As happens occasionally, yesterday I found myself craving the flavors of my mom’s brasciole. Even as a child I’ve had a love-hate relationship with brasciole because I never liked the taste (or idea) of the beef it was made with but I loved the flavor of the garlicky seasoned bread crumbs on the inside and the marinara sauce on the outside.
I’ve made vegan brasciole before, but usually with seitan and sometimes with eggplant. This time I wanted to see if I could make it with Portobello mushrooms. And it worked!
The first and obvious challenge was to get the mushrooms to be flat and soft enough to stuff and roll up. After scraping the gills out, I placed each mushroom between two sheets of plastic wrap and pounded it flat. I then put the mushrooms in the microwave for just a few seconds to soften them. I then sprinkled them with minced garlic, parsley, raisins, breadcrumbs, salt, and pepper, and rolled them up. To keep them from unrolling I tied the rolls in two places with kitchen twine and then pan-seared them until nicely browned and cooked through. Topped with marinara sauce, the flavor and texture was all the things I loved about mom’s original and none of the things I didn’t.
To serve alongside the brasciole, I had some nice baby arugula on hand so I made a double batch of Pan-Fried Arugula Pesto from Party Vegan to toss with some pasta. As I say in the book, raw garlic and arugula can both be assertive and pan-frying them for a couple minutes keeps their great flavors, but just mellows them out a little. I also added the walnuts to the skillet to toast them a little before using in the pesto. After cooking for about 2 minutes, I let the mixture cool for a minute and then process it in the food processor with salt and pepper, and a splash of water to smooth it out a little.

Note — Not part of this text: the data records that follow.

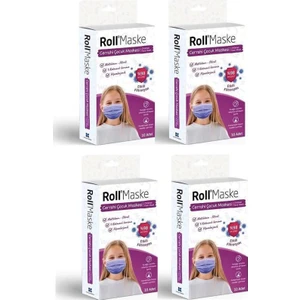 3 Katlı Telli Cerrahi Maske Kız Çocuk 10 Lu 4 Adet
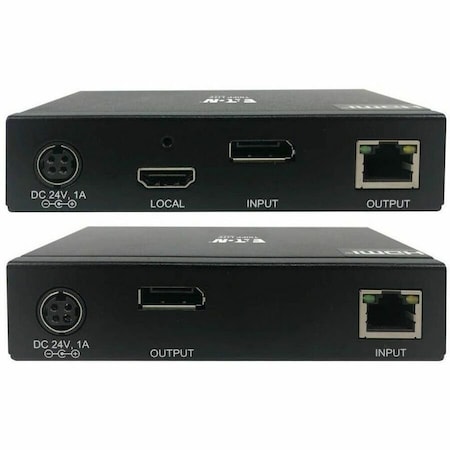 Eaton Tripp Lite Series DisplayPort over Cat6 Extender Kit, KVM Support, USB, 4K, DP1.2a, PoC, HDCP B127A-1A1-BDBD
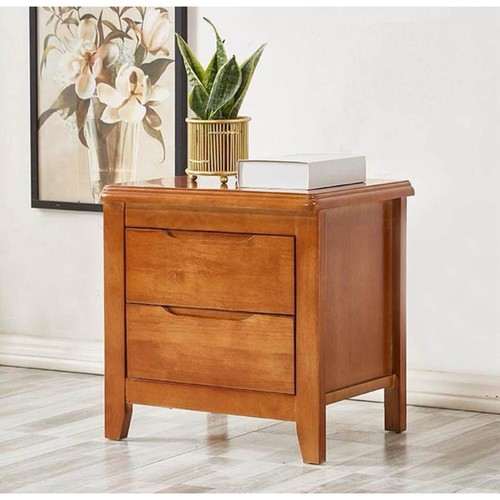 Solid wood bedside cabinet - solid,
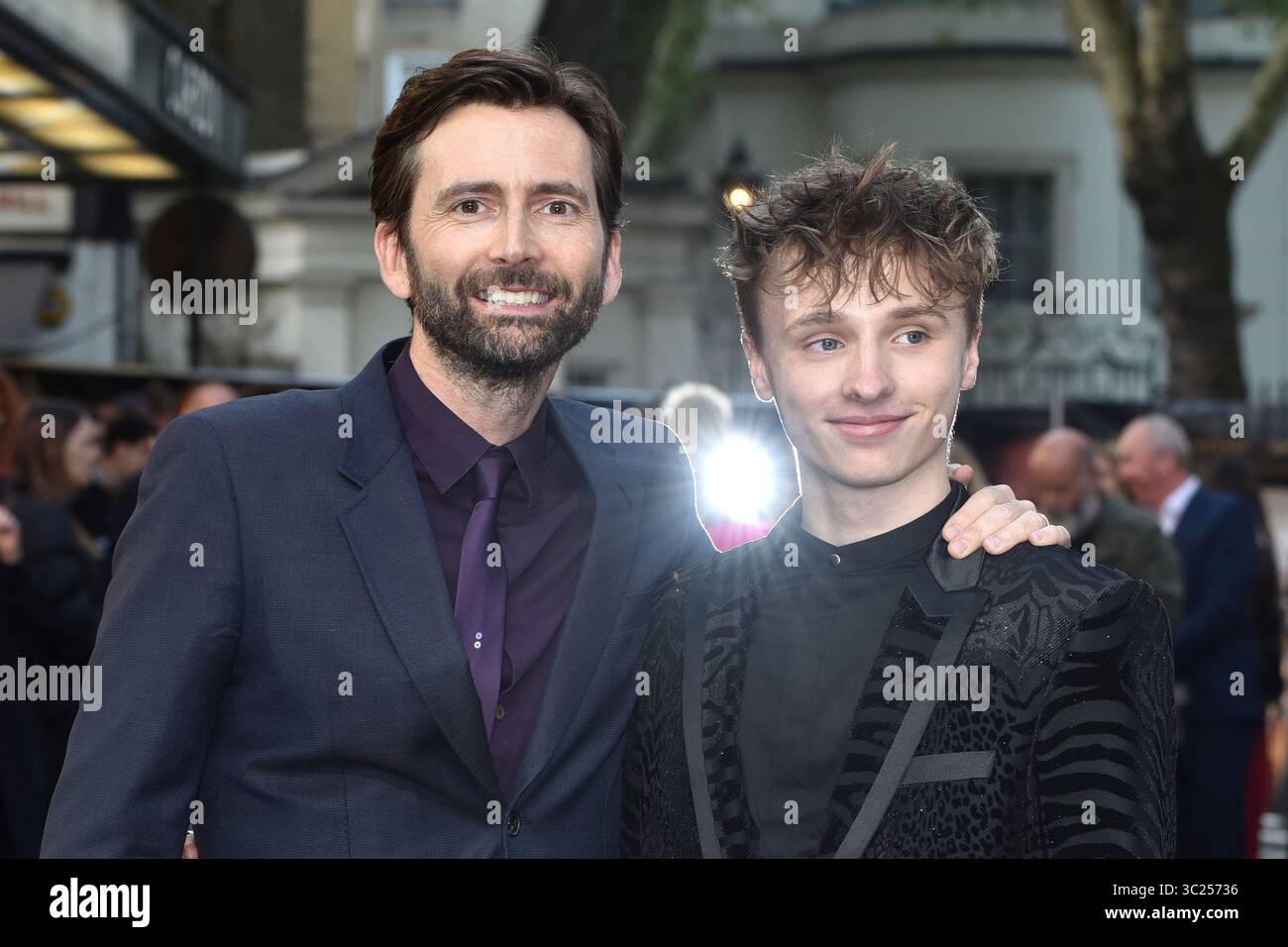 29 avril 2019 - Londres, Royaume-Uni de Grande-Bretagne et d'Irlande du Nord - David Tennant (G) et Ty Tennant arrivant à la première britannique de 'Tolkien' au Curzon Mayfair le 29 avril 2019 à Londres, Angleterre (crédit image : © Famous/Ace Pictures via ZUMA Press) Banque D'Images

I had some arugula left after making the pesto, so I sauteed it with garlic and hot red pepper flakes to serve on the side. The verdict: This meal is going to be in regular rotation at our house — it was sooo good! In fact, we liked it even better than the seitan or eggplant version.I think my mom would have enjoyed the new version of her brasciole recipe. It occurs to me that my mom didn’t live long enough to taste a Portobello mushroom — she died before they became an everyday ingredient. I think she would have liked them — especially in her brasciole recipe!